- _Problem_
Your answer should be the full data, transcribed exactly, with no pictures in it.

- _Source data_
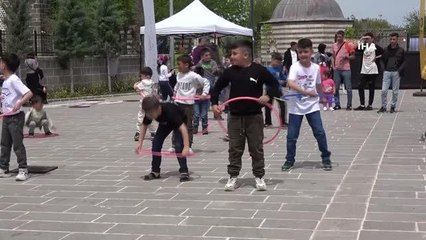 Çocuk Oyunları ve Spor Kulüpleri Federasyonu çocuklara çifte bayram yaşattı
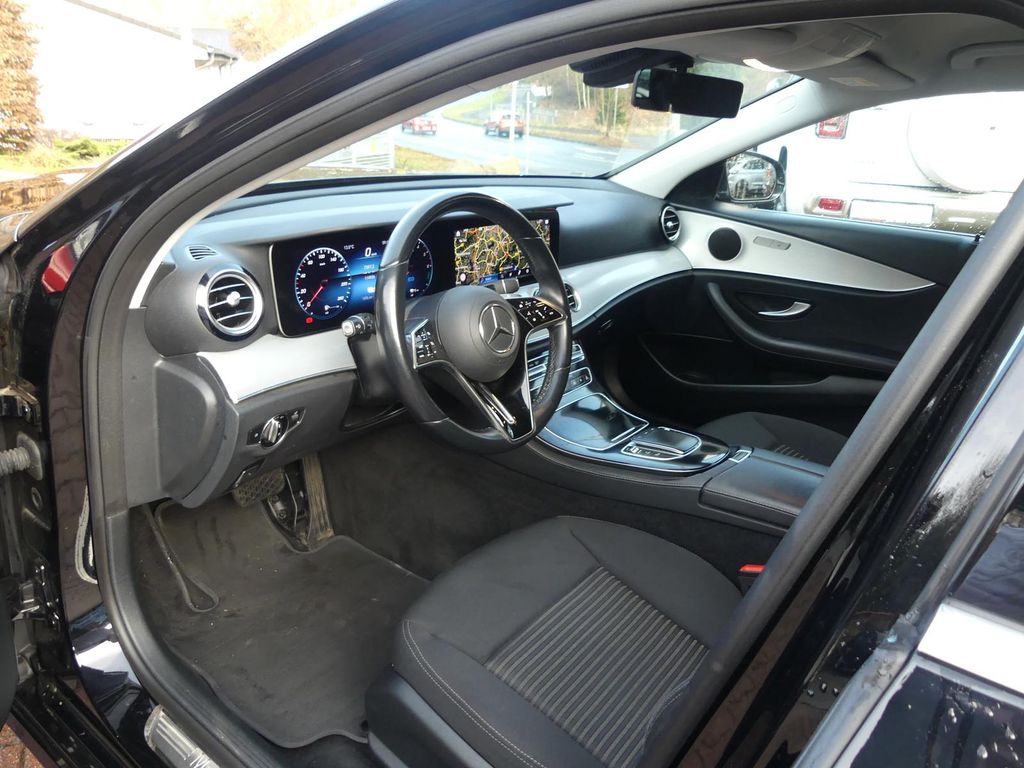 Mercedes-Benz E 300 2021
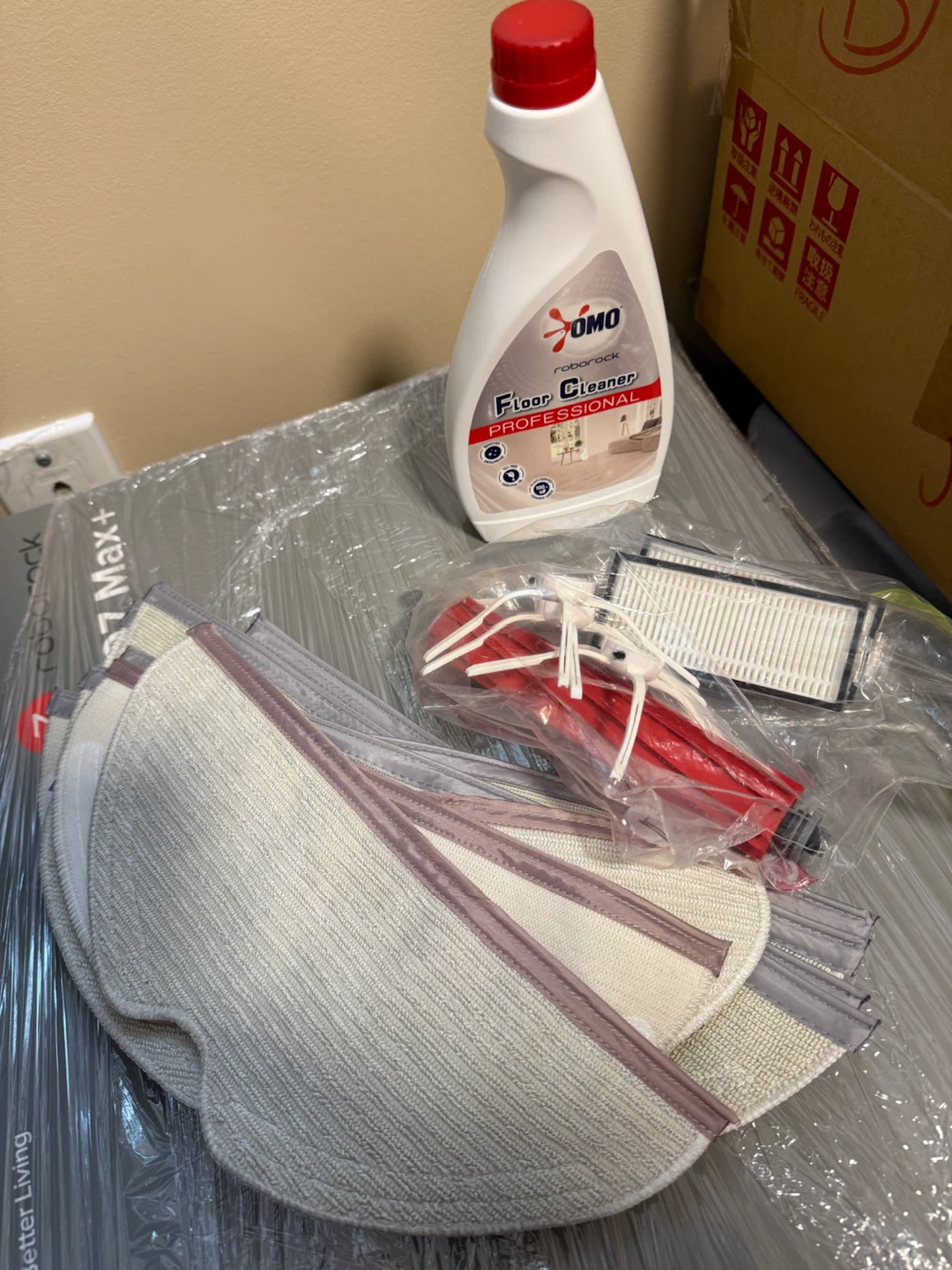 Roborock Robot Vacuum Cleaner with all extra supplies in photos - photo 3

- _Written solution_
 Çocuk Oyunları ve Spor Kulüpleri Federasyonu çocuklara çifte bayram yaşattı
 Mercedes-Benz E 300 2021
 Roborock Robot Vacuum Cleaner with all extra supplies in photos - photo 3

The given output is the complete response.